Start of Provided entries

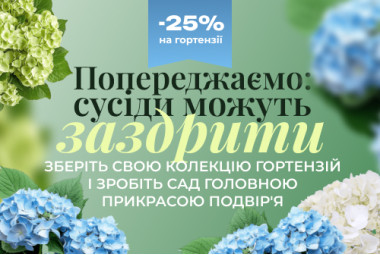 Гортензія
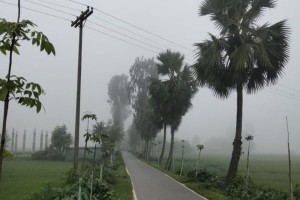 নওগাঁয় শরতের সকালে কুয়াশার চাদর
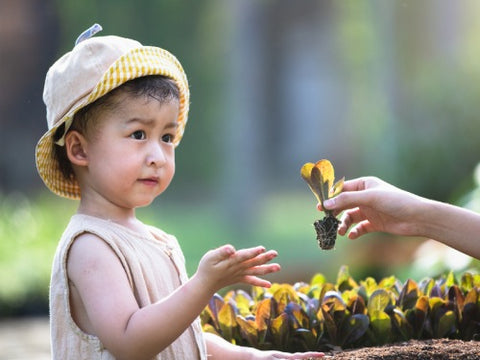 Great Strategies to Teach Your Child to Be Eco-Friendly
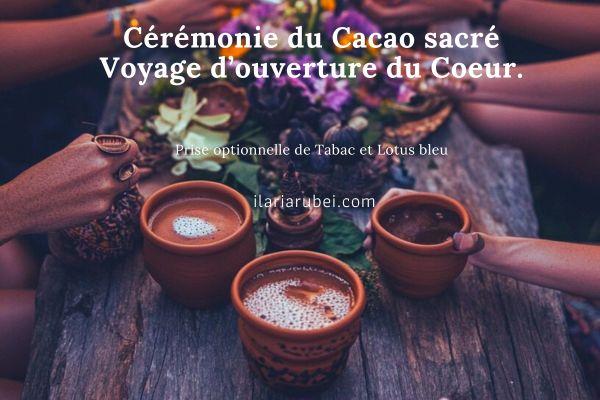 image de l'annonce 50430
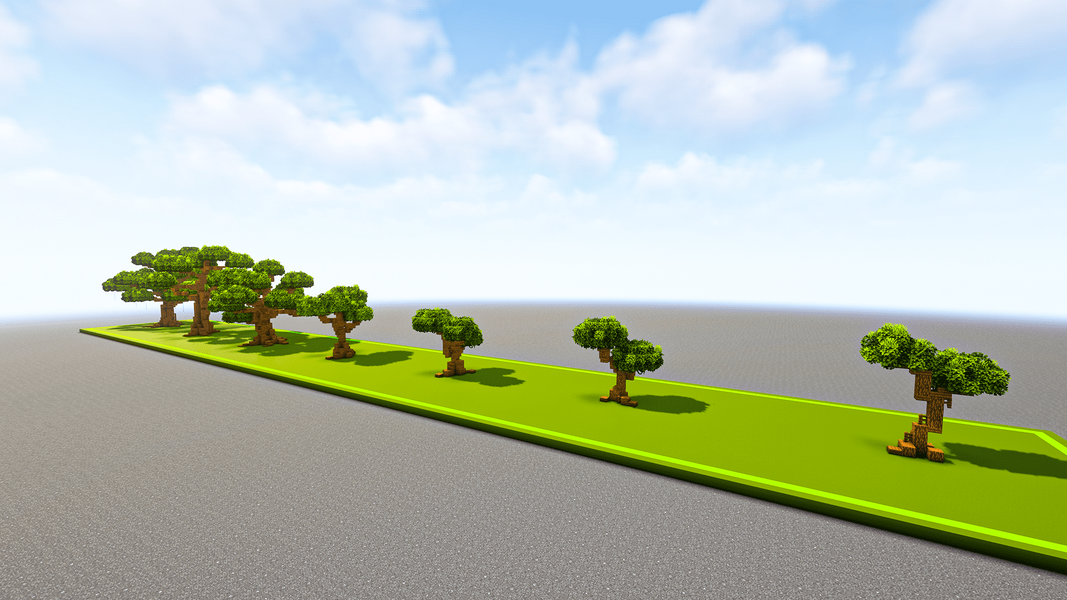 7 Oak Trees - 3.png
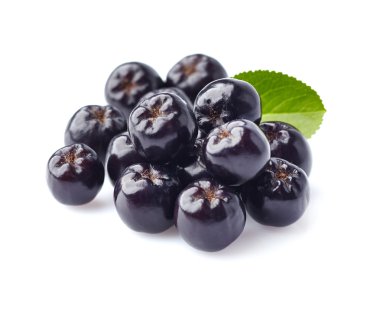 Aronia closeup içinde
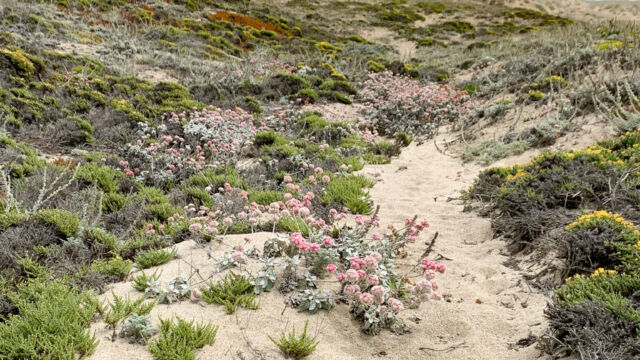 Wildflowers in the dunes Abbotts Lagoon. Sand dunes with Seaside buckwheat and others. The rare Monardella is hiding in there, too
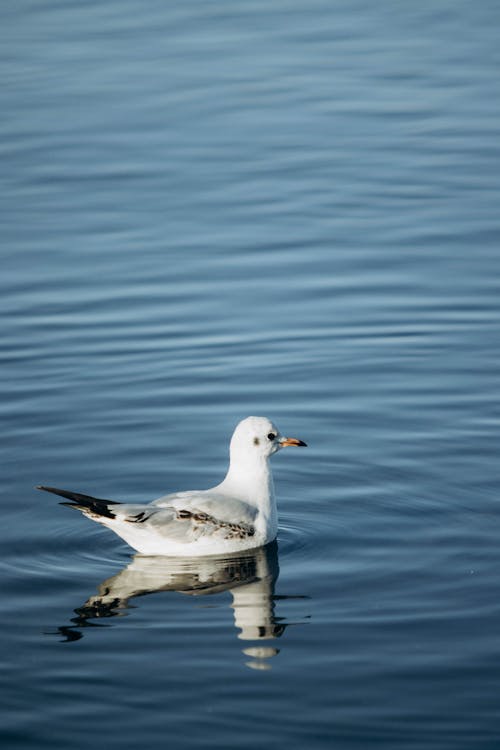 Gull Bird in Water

End of Provided entries
Start of Provided entries

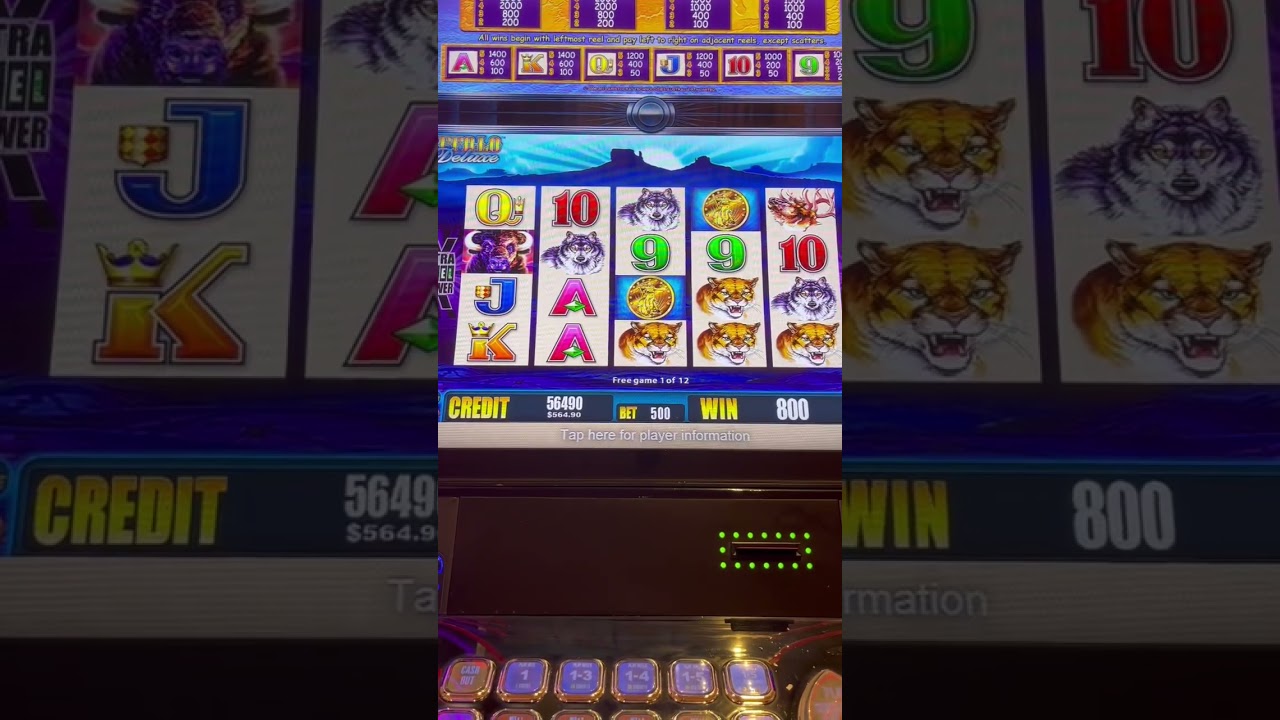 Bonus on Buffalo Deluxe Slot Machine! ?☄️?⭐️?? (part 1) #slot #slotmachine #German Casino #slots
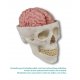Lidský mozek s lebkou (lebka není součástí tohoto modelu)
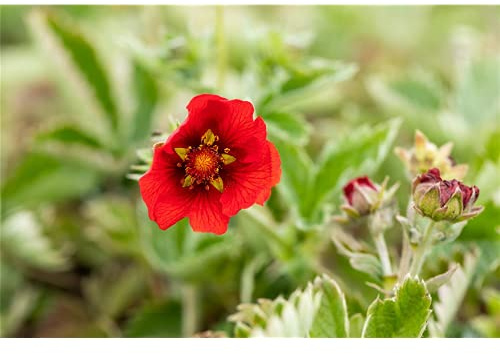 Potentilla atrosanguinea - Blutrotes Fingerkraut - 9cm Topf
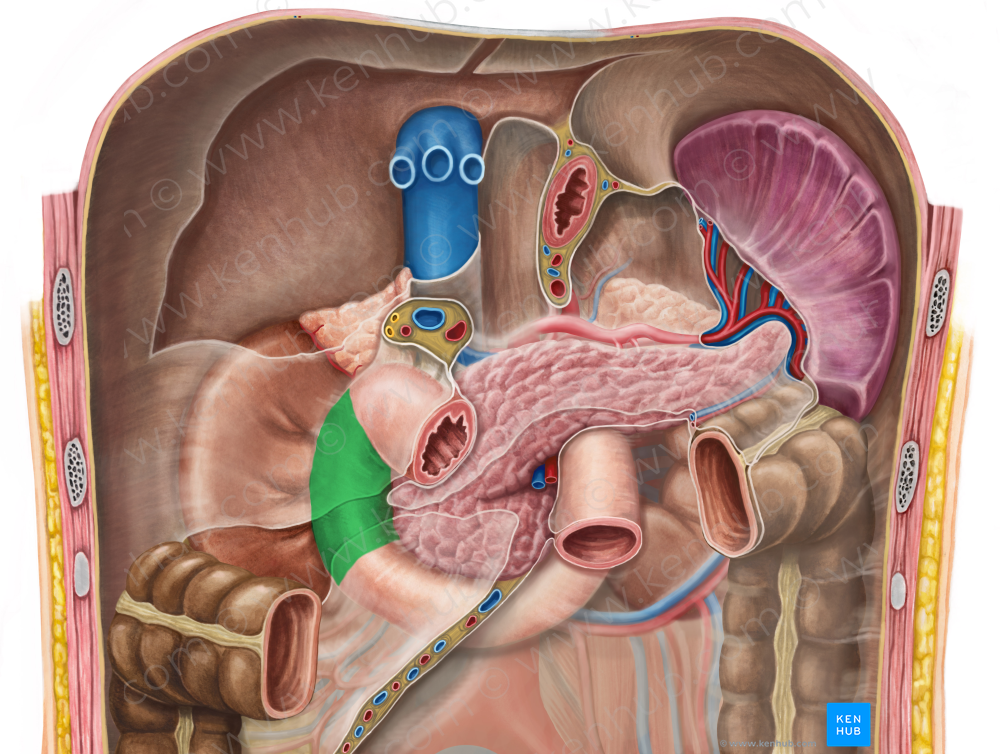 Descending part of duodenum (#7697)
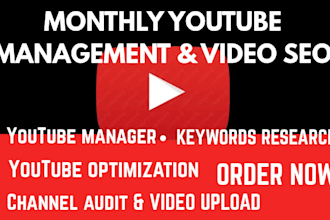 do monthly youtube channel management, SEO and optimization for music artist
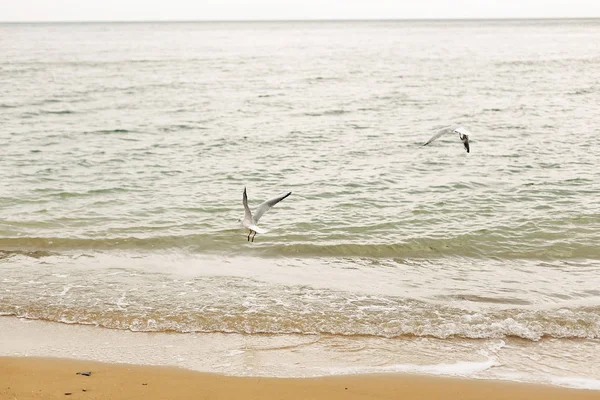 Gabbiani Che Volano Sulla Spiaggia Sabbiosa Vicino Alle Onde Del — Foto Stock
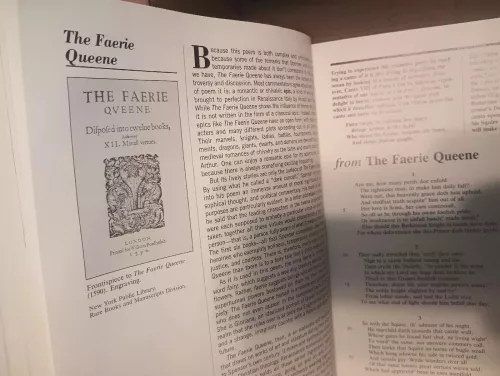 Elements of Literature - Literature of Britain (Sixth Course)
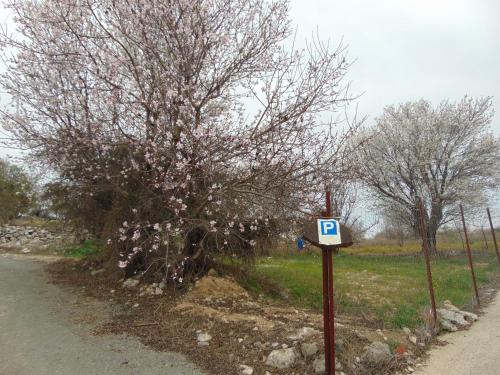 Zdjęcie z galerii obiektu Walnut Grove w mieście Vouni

End of Provided entries

# Aim of the exercise
Could the stretch from the line with "Descending part of duodenum (#7697)" through the line with "Zdjęcie z galerii" in the listing above be restated word for word, minus the pictures?

# Task answer
 Descending part of duodenum (#7697)
 do monthly youtube channel management, SEO and optimization for music artist
 Gabbiani Che Volano Sulla Spiaggia Sabbiosa Vicino Alle Onde Del — Foto Stock
 Elements of Literature - Literature of Britain (Sixth Course)
 Zdjęcie z galerii obiektu Walnut Grove w mieście Vouni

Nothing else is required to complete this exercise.